| Records |
******

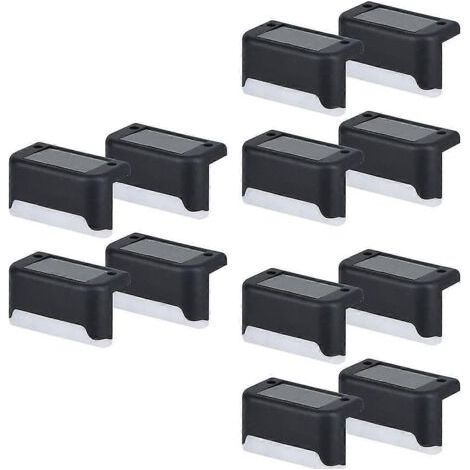 Lot de 12 lampes solaires LED pour escalier, jardin ou balcon, étanches et décoratives. (1/5)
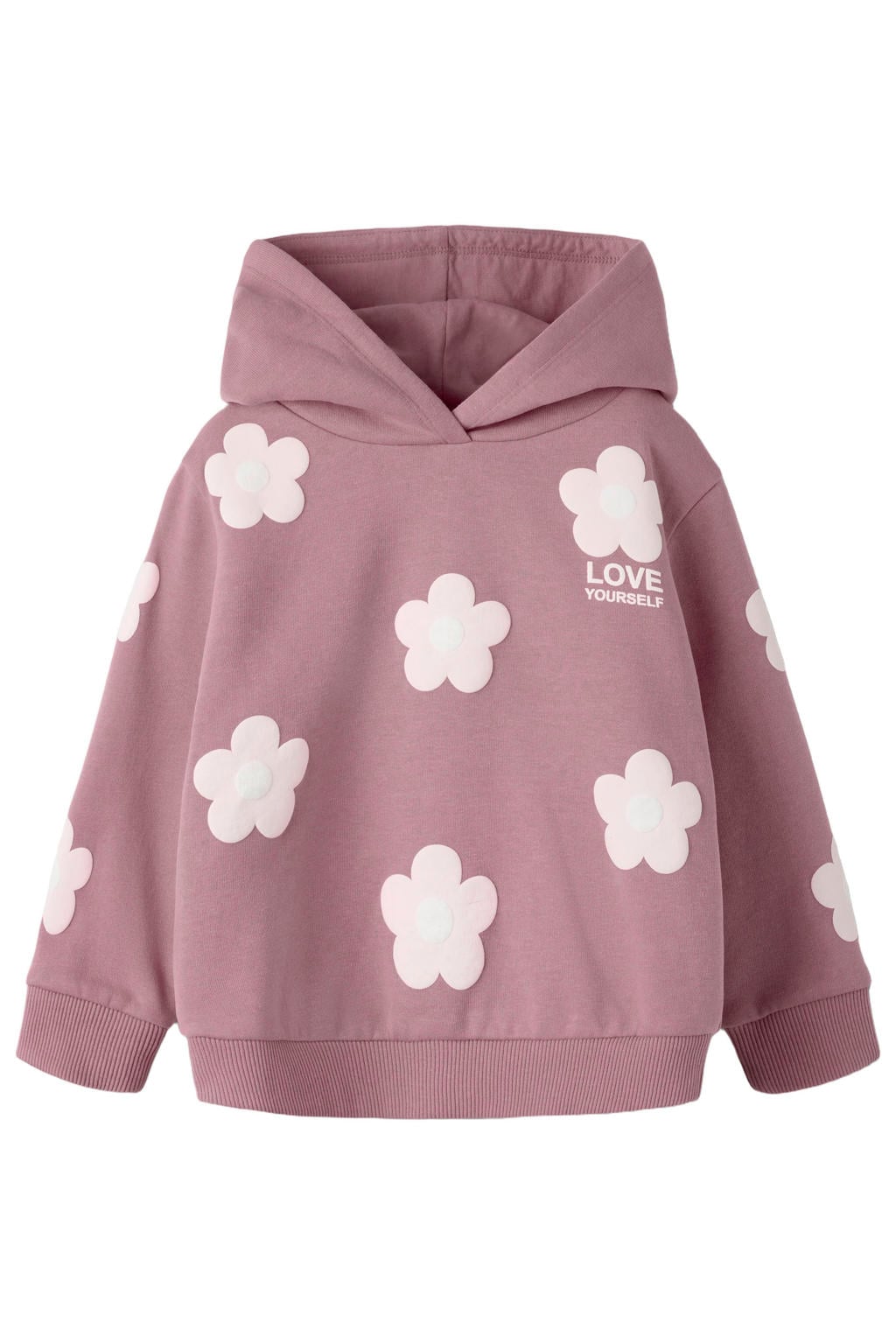 NAME IT MINI gebloemde hoodie - lila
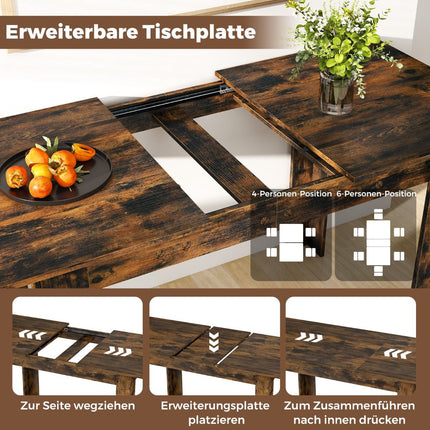Extendable Dining Table, Seats 4-6, Rustic Brown, 110kg Capacity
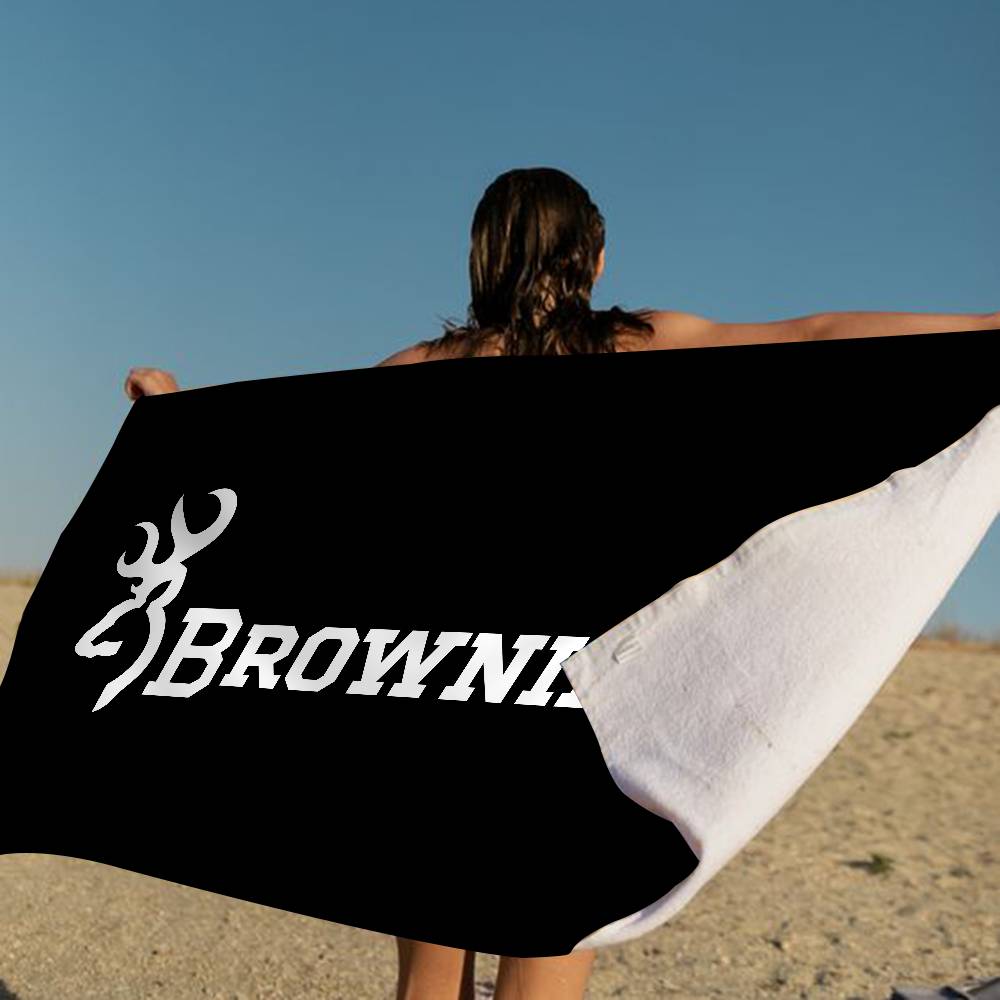 B-Browning Логотип Микрофибровое Одеяло Быстросохнущие Пляжные Полотенца Большой Размер Печать Супервпитывающее Полотенце-Одеяло для Бассейна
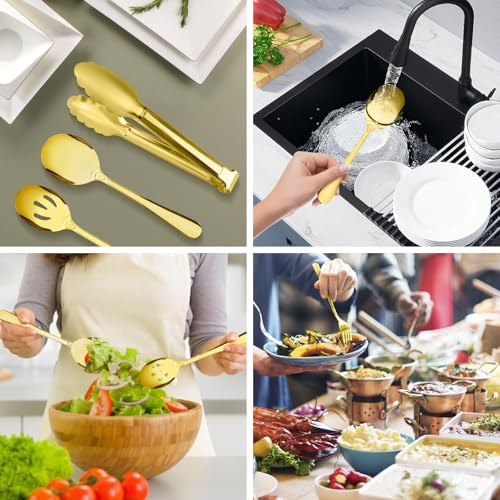17PCS Serving Spoons and Utensils Set, Stainless Steel Serveware Gold - color: Gold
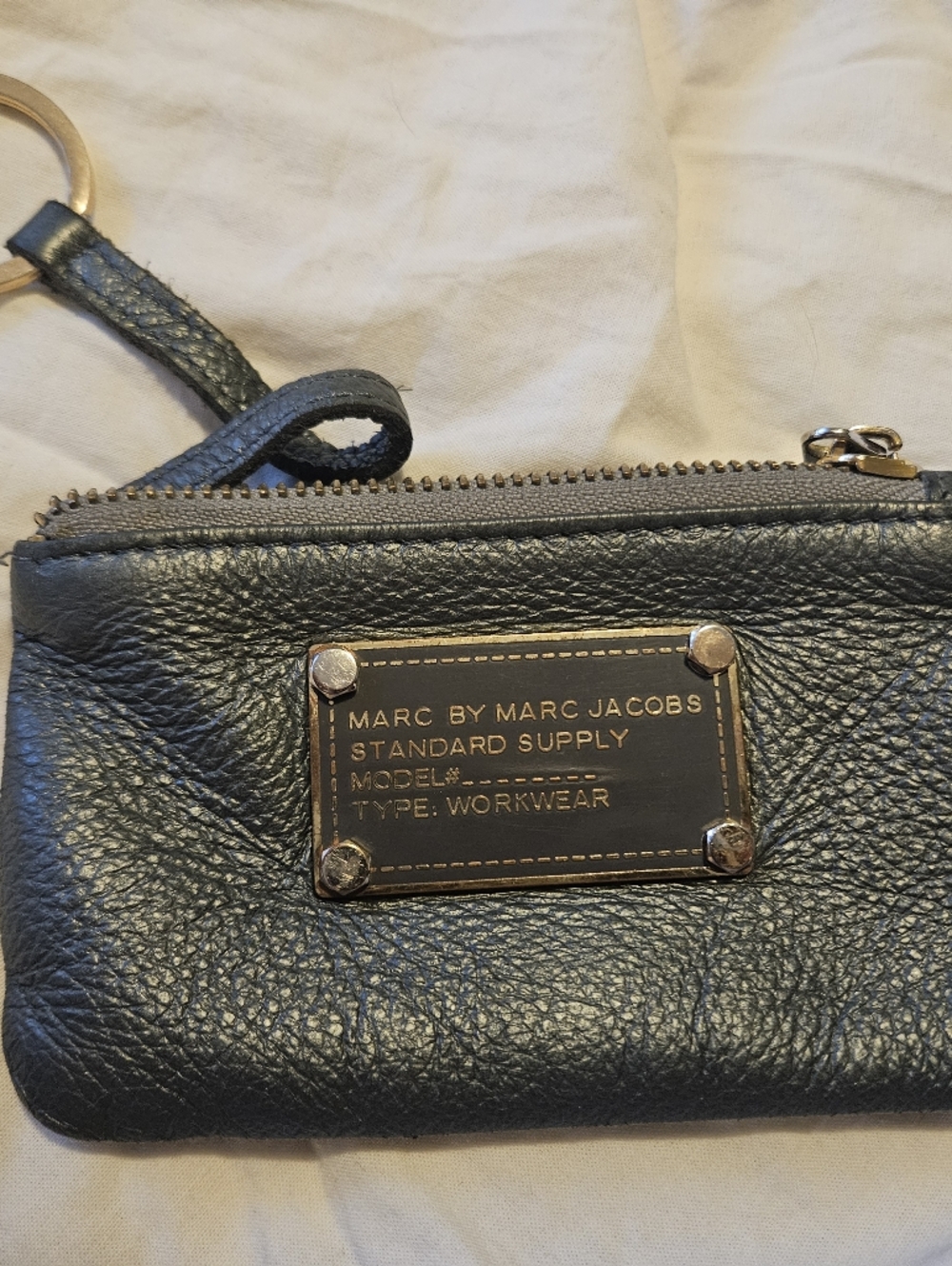 Marc Jacobs Grey Leather Zip Key Pouch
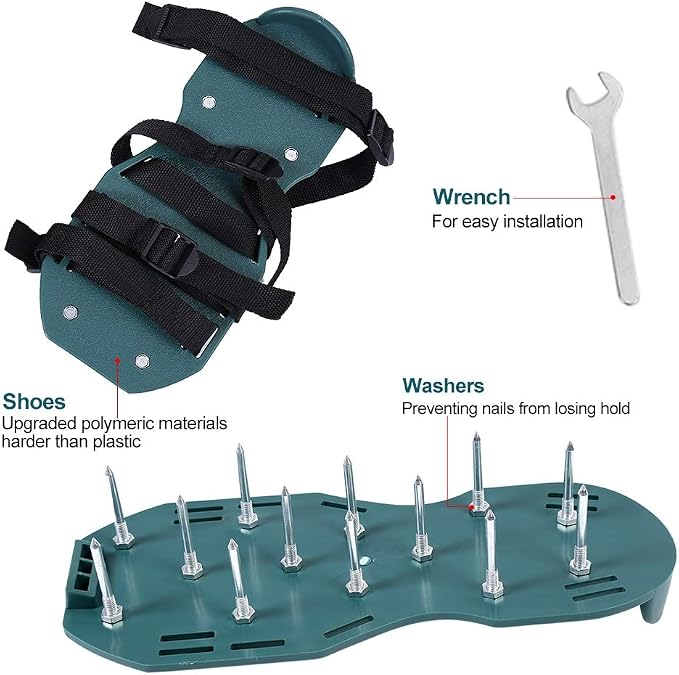Lawn Aerator Shoes, Adjustable Strap Spiked Sandals Nails Size Fits All Aeration Tool Soil Grass Patio Courtyard Aerating One Straps Screed Gardening Spike Protection Lawns Courtyards(4 Straps)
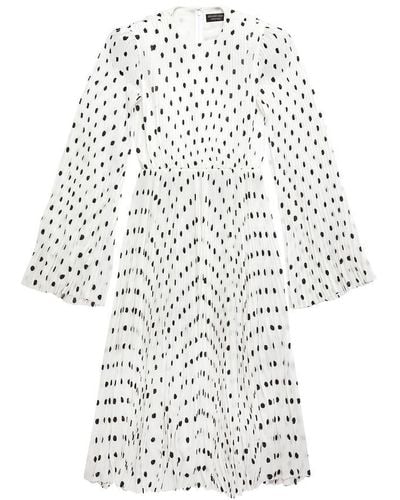 Balenciaga Hand Drawn Polka-dot Pleated Dress - White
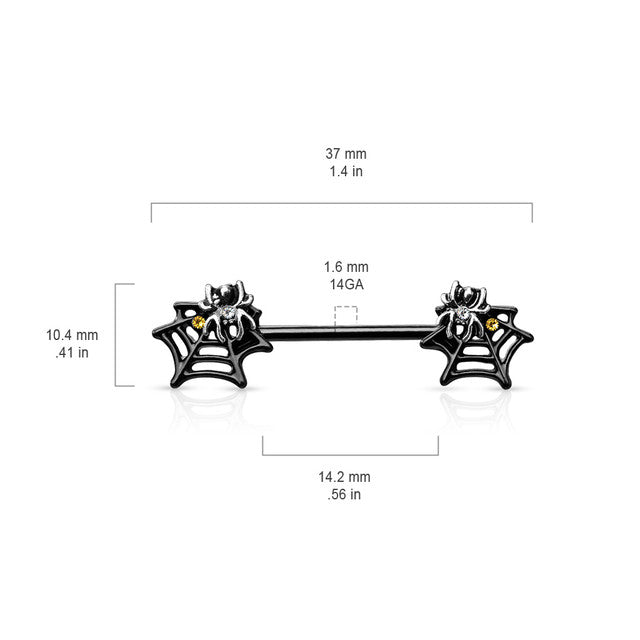 Surgical Steel Nipple Barbell 14G 14mm with Black Spider Web - Pair - photo 3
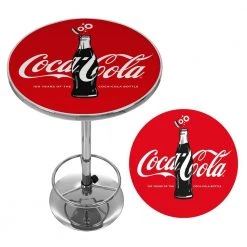 Coca-Cola 100th Anniversary Red Pub/Bar Table by Trademark -JASMODER Sales Store multi colored trademark bar tables coke 2000 v100 c3 1000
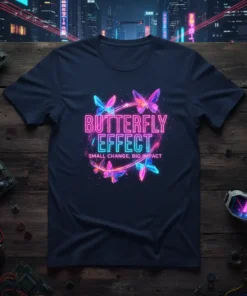 Neon Butterfly Effect Small Change Big Impact quote on a navy blue t-shirt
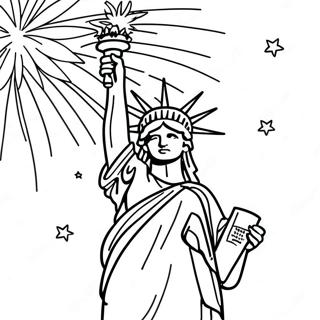 Vrijheidsbeeld Met Vuurwerk Kleurplaat 25403-20066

******

| Task goal |
Everything in the records above must be repeated exactly, apart from the pictures.

| Response below |
 Lot de 12 lampes solaires LED pour escalier, jardin ou balcon, étanches et décoratives. (1/5)
 NAME IT MINI gebloemde hoodie - lila
Extendable Dining Table, Seats 4-6, Rustic Brown, 110kg Capacity
 B-Browning Логотип Микрофибровое Одеяло Быстросохнущие Пляжные Полотенца Большой Размер Печать Супервпитывающее Полотенце-Одеяло для Бассейна
17PCS Serving Spoons and Utensils Set, Stainless Steel Serveware Gold - color: Gold
 Marc Jacobs Grey Leather Zip Key Pouch
Lawn Aerator Shoes, Adjustable Strap Spiked Sandals Nails Size Fits All Aeration Tool Soil Grass Patio Courtyard Aerating One Straps Screed Gardening Spike Protection Lawns Courtyards(4 Straps)
 Balenciaga Hand Drawn Polka-dot Pleated Dress - White
 Surgical Steel Nipple Barbell 14G 14mm with Black Spider Web - Pair - photo 3
 Coca-Cola 100th Anniversary Red Pub/Bar Table by Trademark -JASMODER Sales Store multi colored trademark bar tables coke 2000 v100 c3 1000
 Neon Butterfly Effect Small Change Big Impact quote on a navy blue t-shirt
 Vrijheidsbeeld Met Vuurwerk Kleurplaat 25403-20066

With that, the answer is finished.